Dopo una laurea in Architettura, Giuseppe Giordano, oggi a capo della società, ha preso un master in Sostenibilità all’università di Austin, negli Stati Uniti, dove ha partecipato per un paio di anni al progetto di uno strumento capace di monitorare i consumi elettrici; nel frattempo, Marco Martellacci stava lavorando a un sistema di controllo delle caldaie.
Da qui, l’idea: integrare i due algoritmi, quello di monitoraggio e quello di controllo, per dare vita a un impianto intelligente che non si limiti ad analizzare in tempo reale i consumi ma che intervenga automaticamente per regolare il bilancio energetico di un edificio nel migliore dei modi, abbattendo i costi e migliorando sensibilmente la qualità dell’aria. Una soluzione unica nel suo genere, brevettata e usata da un numero sempre maggiore di realtà, pubbliche e private, in Italia e all’estero.
Enerbrain funziona in maniera molto semplice, sfruttando dei sensori, un algoritmo intelligente, degli attuatori e infine un pannello di controllo.
I sensori ambientali “plug&play” vengono installati nell’edificio in modo facile e veloce, senza che siano necessarie modifiche all’impianto già esistente; questi rilevano in tempo reale una serie di parametri come la temperatura, l’umidità e il livello di CO2 nell’aria, ma anche i cambiamenti climatici esterni e persino il numero di persone presenti nello spazio in questione.

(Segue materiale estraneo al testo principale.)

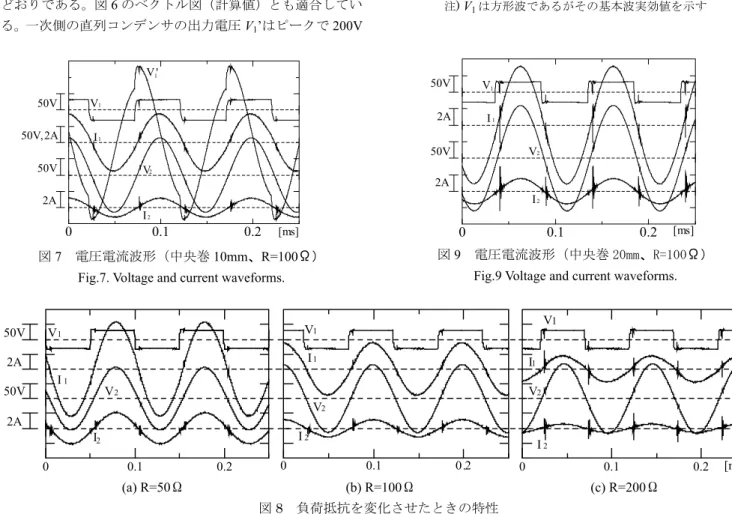 Fig. 8    Characteristics with resistance-load change. 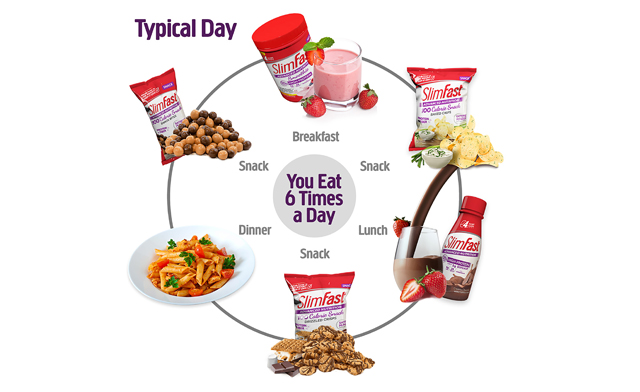 Image of $25 for 24 SlimFast Meal Replacement Shakes – Three Flavours (a $42.94 Value)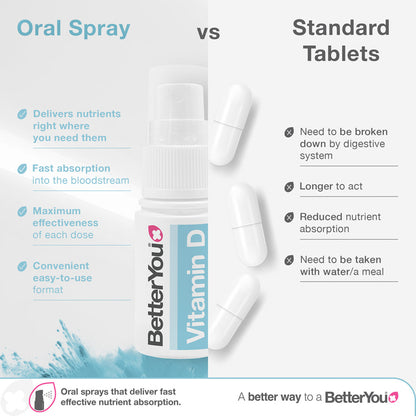 BetterYou Spray oral Infantil de vitamina D 400 UI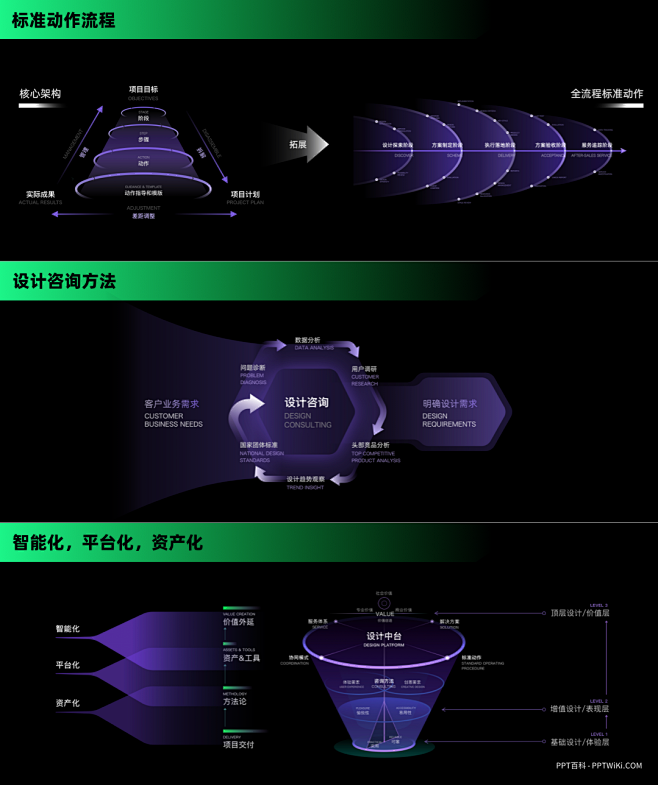 PPT PPT逻辑结构 PPT封面 PP...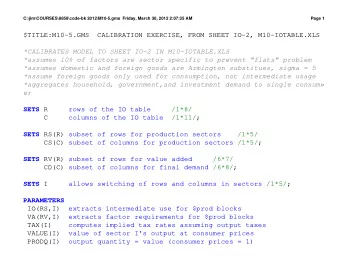 $TITLE:M10-5.GMS  CALIBRATION EXERCISE, FROM SHEET IO-2, M10-IOTABLE.XLS  *CALIBRATES MODEL TO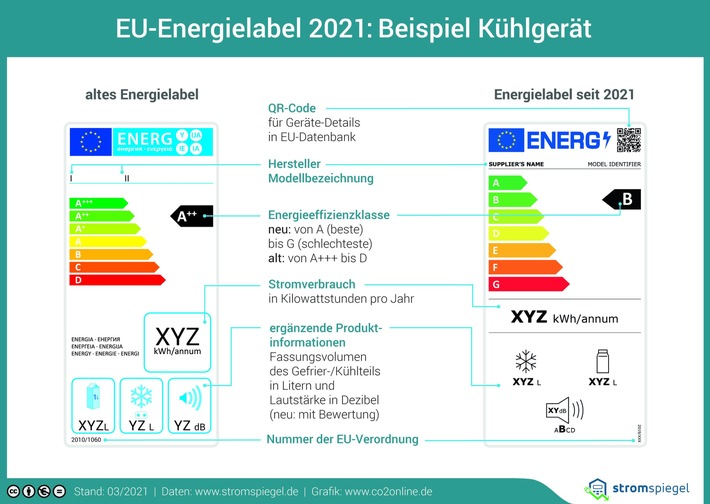 Schnäppchen oder Kostenfalle? Effiziente Haushaltsgeräte auswählen - einfacher Vergleich der Betriebskosten / Online-Tool für Geräte mit neuem EU-Label / QR-Code scannen, um Vergleich zu starten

Tutti i dati raccolti sono inviati in cloud per essere interpretati dall’algoritmo – che calcola i parametri ottimali, affinando nel tempo le sue “conoscenze” grazie a tecnologie di machine learning – e poi mandati agli attuatori, che intervengono sull’impianto energetico rendendolo più efficiente. Nel frattempo, il gestore può controllare i dati e regolare l’impianto tramite il pannello di controllo o l’app, con la possibilità di interagire con più edifici contemporaneamente.

Foto di Bogomil Mihaylov
Gli edifici non residenziali che hanno usato Enerbrain finora hanno ridotto i consumi di un terzo, massimizzando al tempo stesso la qualità dell’aria. Un risultato importante, soprattutto dal momento che molti studi hanno dimostrato che quest’ultima ha un impatto notevole sulla vita delle persone, sia dal punto di vista della salute che per quanto riguarda l’efficienza e la produttività, sui luoghi di lavoro e non.
Enerbrain, tuttavia, non fa bene soltanto al portafogli e alla qualità della vita, ma anche all’ambiente. Infatti, questo sistema riduce sensibilmente le emissioni di anidride carbonica: è stato calcolato che, se tutti gli edifici non residenziali del mondo si affidassero a Enerbrain, nel 2019 avremmo 1,6 miliardi di tonnellate di CO2 in meno rilasciate nell’aria, equivalenti a 170 milioni di alberi.
Un traguardo da cui siamo lontani e che forse non riusciremo mai a realizzare. Eppure, Enerbrain sta conquistando sempre più scuole, aziende, centri commerciali, ospedali e musei, nel nostro Paese e in molti altri, come Inghilterra, Spagna, Portogallo, Francia, Austria, Germania e anche i ben più lontani Giappone e Brasile. L’obiettivo non è semplicemente abbassare i costi delle bollette, ma soprattutto fare cultura sul tema dell’efficienza energetica, nella speranza che aumenti la consapevolezza in materia e che tutti, nel loro piccolo, si impegnino per un mondo più sostenibile.